Metamodel-based Importance Sampling for Structural Reliability Analysis

The paper presents a method to enhance structural reliability analysis by incorporating metamodel-based importance sampling. Structural reliability analysis aims to estimate failure probabilities of engineering systems, often necessitating expensive computational models like finite element models. Traditional methods like Monte Carlo simulation are computationally prohibitive when the required number of model evaluations is exorbitant. The proposed approach employs kriging surrogates to build quasi-optimal importance sampling densities, significantly reducing computational costs.

Core Contributions

  1. Kriging Surrogates: The paper utilizes kriging metamodels to approximate the performance function, enabling efficient evaluations. This surrogate model is used to approximate the probability of failure and construct an importance sampling density that emphasizes regions close to the failure domain.
  2. Importance Sampling Framework: The method reformulates failure probability estimation by leveraging the probabilistic predictions from kriging. A novel estimator combines an augmented failure probability with a correction factor, ensuring unbiasedness even when the metamodel is not entirely accurate.
  3. Adaptive Refinement: An adaptive strategy is included to refine the probabilistic classification function, optimizing the instrumental density iteratively. The approach selectively enriches the design of experiments, focusing computational effort on significant regions.
  4. Algorithmic Implementation: The paper outlines an efficient algorithm, detailing initialization, refinement, and parallel estimation steps. The implementation ensures practical applicability to high-dimensional and complex reliability problems.

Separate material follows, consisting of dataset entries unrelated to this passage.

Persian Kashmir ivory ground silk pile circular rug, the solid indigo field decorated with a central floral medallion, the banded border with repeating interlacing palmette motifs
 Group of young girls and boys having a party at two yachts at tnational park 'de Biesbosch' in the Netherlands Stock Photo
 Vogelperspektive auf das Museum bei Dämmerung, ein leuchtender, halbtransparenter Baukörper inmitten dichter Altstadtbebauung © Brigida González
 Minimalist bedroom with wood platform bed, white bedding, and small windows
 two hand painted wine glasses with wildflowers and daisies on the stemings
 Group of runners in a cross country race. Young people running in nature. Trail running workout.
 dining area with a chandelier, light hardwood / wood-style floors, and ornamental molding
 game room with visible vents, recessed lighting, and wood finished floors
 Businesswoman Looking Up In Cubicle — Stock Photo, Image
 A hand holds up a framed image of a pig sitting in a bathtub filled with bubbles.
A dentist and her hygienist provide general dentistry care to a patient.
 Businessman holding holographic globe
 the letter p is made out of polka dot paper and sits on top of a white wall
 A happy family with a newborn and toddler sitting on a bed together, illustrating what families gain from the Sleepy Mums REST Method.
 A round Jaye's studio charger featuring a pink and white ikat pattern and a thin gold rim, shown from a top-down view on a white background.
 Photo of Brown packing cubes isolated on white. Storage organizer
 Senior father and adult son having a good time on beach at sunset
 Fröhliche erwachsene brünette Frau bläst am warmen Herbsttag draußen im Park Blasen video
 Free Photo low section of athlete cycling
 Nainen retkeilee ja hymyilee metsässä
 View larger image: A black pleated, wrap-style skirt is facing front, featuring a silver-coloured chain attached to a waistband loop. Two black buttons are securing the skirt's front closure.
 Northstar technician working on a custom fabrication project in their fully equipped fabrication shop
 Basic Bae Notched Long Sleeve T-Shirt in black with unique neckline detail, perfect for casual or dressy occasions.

Numerical Results and Implications

The methodology is applied to both analytical and finite element problems, demonstrating efficiency with up to 100 random variables. The strong numerical results indicate significant reductions in computational efforts compared to traditional Monte Carlo methods. The approach aligns well with industrial applications where computational resources are a critical constraint.

Theoretical and Practical Implications

Theoretically, the work advances the integration of metamodeling and variance reduction techniques, offering a robust framework for reliability analysis. Practically, it allows for a feasible evaluation of complex systems under uncertainty without excessive computational burdens. The method holds potential for widespread use in engineering fields requiring reliability assessments, such as aerospace, civil, and mechanical engineering.

Future Directions

This research opens avenues for further developments, including enhancements to adaptive refinement strategies and exploration of alternative metamodels. Additionally, integrating the method within reliability-based design optimization frameworks could provide comprehensive solutions to engineering design challenges.

In conclusion, the paper provides a significant contribution to structural reliability analysis, leveraging the strengths of metamodels and importance sampling. It addresses key challenges in computational cost and accuracy, laying the groundwork for future advancements in the field.